WORK TASK> Using the records that appear below, write out exactly the lines from the one with "Bracelet de montre" through the one with "Trust primo 5.000 mah øko powerbank (sort)", keeping both end lines.

SUPPLIED MATERIAL>
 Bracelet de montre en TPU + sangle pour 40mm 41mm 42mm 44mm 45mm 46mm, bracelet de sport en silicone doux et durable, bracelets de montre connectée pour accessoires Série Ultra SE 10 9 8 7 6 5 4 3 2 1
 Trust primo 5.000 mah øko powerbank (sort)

---

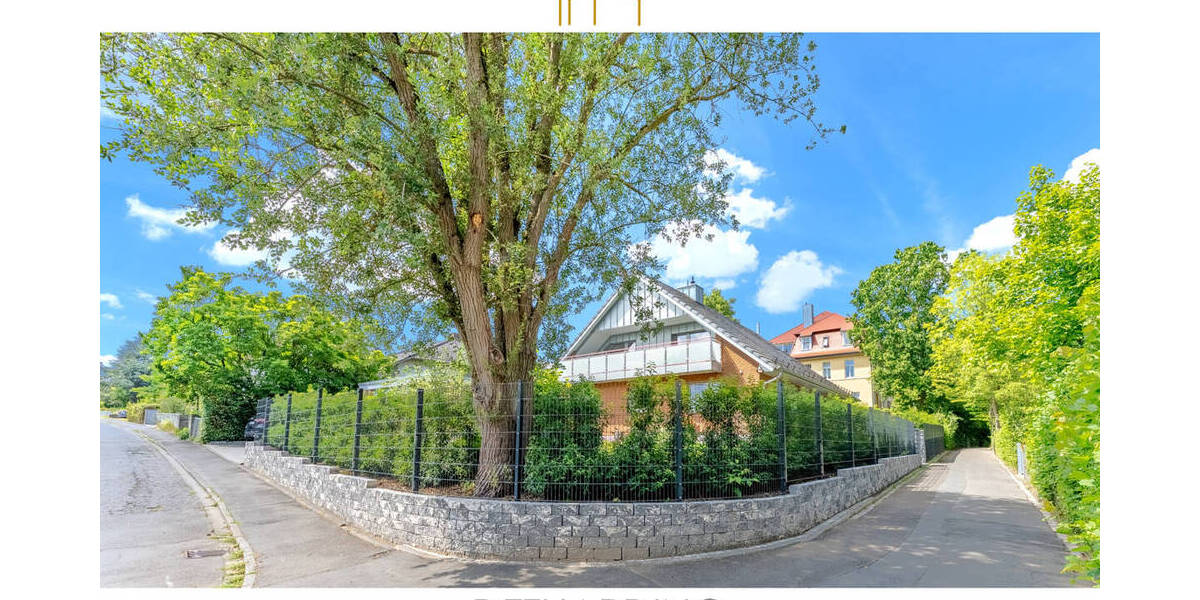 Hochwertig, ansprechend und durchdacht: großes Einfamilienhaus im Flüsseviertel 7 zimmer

WRITTEN RESPONSE>
 Bracelet de montre en TPU + sangle pour 40mm 41mm 42mm 44mm 45mm 46mm, bracelet de sport en silicone doux et durable, bracelets de montre connectée pour accessoires Série Ultra SE 10 9 8 7 6 5 4 3 2 1
 Trust primo 5.000 mah øko powerbank (sort)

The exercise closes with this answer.